Murphy, like all players after Jan. 10, has a fully guaranteed salary. The Bulls can’t simply choose to remove his contract from their team salary.

And with just 13 players under contract, Chicago didn’t need to clear room to sign a replacement – or even two replacements. The roster spots were open.

So why waive the little-used Murphy? Was he destructive to team chemistry? Did he want a head start on landing another job in a lesser league?

Maybe there was a different reason. Adrian Wojnarowski of Yahoo Sports:

By my calculations, using data from ShamSports.com, the Bulls are $387,299 below the luxury-tax threshold.

If another team claims Murphy off waivers, Chicago would be $877,479 below the tax threshold – a significant difference.

Joakim Noah and Taj Gibson both have incentives classified as unlikely to be achieved, meaning the bonuses, if they’re earned, would cut into the Bulls’ room below the tax line.

Joakim Noah would get $500,000 for making the All-NBA first team.
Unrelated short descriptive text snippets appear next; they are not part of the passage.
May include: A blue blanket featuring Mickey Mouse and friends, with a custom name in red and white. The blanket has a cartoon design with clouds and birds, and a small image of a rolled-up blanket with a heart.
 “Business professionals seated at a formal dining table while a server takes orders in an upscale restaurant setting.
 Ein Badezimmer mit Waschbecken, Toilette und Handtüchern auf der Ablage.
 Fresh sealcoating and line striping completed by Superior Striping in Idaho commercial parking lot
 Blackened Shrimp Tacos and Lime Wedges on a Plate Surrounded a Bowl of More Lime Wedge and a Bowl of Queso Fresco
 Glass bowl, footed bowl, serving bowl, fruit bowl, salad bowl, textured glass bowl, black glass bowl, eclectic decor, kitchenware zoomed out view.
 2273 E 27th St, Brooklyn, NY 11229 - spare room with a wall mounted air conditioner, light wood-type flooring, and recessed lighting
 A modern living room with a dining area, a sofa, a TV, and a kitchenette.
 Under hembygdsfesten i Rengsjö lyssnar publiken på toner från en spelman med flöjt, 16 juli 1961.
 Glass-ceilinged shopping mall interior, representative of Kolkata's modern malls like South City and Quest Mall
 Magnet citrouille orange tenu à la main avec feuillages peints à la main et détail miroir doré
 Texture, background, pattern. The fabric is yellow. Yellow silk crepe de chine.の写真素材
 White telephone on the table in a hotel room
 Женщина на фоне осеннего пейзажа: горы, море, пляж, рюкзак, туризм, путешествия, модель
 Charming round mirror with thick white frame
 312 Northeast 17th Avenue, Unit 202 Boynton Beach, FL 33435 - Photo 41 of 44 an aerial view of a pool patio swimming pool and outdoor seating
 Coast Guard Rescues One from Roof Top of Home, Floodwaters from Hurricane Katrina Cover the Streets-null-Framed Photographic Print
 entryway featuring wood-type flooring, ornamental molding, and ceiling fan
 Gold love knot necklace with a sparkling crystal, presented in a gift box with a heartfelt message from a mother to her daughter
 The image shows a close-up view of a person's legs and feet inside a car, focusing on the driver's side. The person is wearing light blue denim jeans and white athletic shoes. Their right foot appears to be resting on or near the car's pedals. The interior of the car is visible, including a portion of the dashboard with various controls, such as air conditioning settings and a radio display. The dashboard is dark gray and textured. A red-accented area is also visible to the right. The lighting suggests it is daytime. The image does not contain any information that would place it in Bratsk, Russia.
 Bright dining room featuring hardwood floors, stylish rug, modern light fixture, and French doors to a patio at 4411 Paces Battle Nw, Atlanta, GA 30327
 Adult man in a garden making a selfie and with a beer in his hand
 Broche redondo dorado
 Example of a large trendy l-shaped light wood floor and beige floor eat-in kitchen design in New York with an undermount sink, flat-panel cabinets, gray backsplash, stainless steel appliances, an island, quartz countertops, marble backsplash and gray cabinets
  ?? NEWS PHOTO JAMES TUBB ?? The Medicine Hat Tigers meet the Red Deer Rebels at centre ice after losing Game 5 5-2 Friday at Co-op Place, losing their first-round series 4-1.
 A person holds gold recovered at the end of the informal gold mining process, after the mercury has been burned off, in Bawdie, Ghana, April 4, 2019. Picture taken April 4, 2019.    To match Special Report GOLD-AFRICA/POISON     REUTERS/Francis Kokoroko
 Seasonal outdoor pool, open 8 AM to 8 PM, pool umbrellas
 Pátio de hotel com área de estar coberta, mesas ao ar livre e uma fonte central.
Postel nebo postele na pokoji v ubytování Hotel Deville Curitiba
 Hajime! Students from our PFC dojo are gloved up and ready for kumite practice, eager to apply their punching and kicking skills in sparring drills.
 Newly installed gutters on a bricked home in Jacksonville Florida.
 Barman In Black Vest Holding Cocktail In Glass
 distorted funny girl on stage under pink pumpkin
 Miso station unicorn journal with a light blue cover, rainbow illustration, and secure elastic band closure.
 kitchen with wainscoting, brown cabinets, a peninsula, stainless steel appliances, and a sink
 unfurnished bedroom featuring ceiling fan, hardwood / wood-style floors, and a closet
Taj Gibson would get $250,000 for making the All-Defensive second team or $500,000 for making the All-Defensive first team.

So, I’d think, when possible, the Bulls will leave room to handle the bonuses without paying the tax.

If nobody claims Murphy, the Bulls are right where they started. They could sign two players for the rest of the season and still have room to absorb Gibson’s $250,000 bonus and not pay the tax. (Not signing anyone wouldn’t give Chicago room to absorb either $500,000 bonus.)

If someone claims Murphy, the Bulls could sign minimum-salary players for up to 24 days of service and still have a $750,000 buffer under the tax line. Chicago could sign one player today for the rest of the season and then another player Sunday for the season. Or Chicago could sign three players any time after Wednesday for the rest of the season. Or Chicago could dole out those 24 days in any combinations. The Bulls would have more options and more leeway to handle Noah and/or Gibson getting bonuses.

And whom might the Bulls target in free agency?

Aggrey Sam of CSN Chicago:

A familiar face, veteran swingman Ronnie Brewer, worked out Thursday at the Berto Center, according to a league source, and could be signed by the Bulls in the near future.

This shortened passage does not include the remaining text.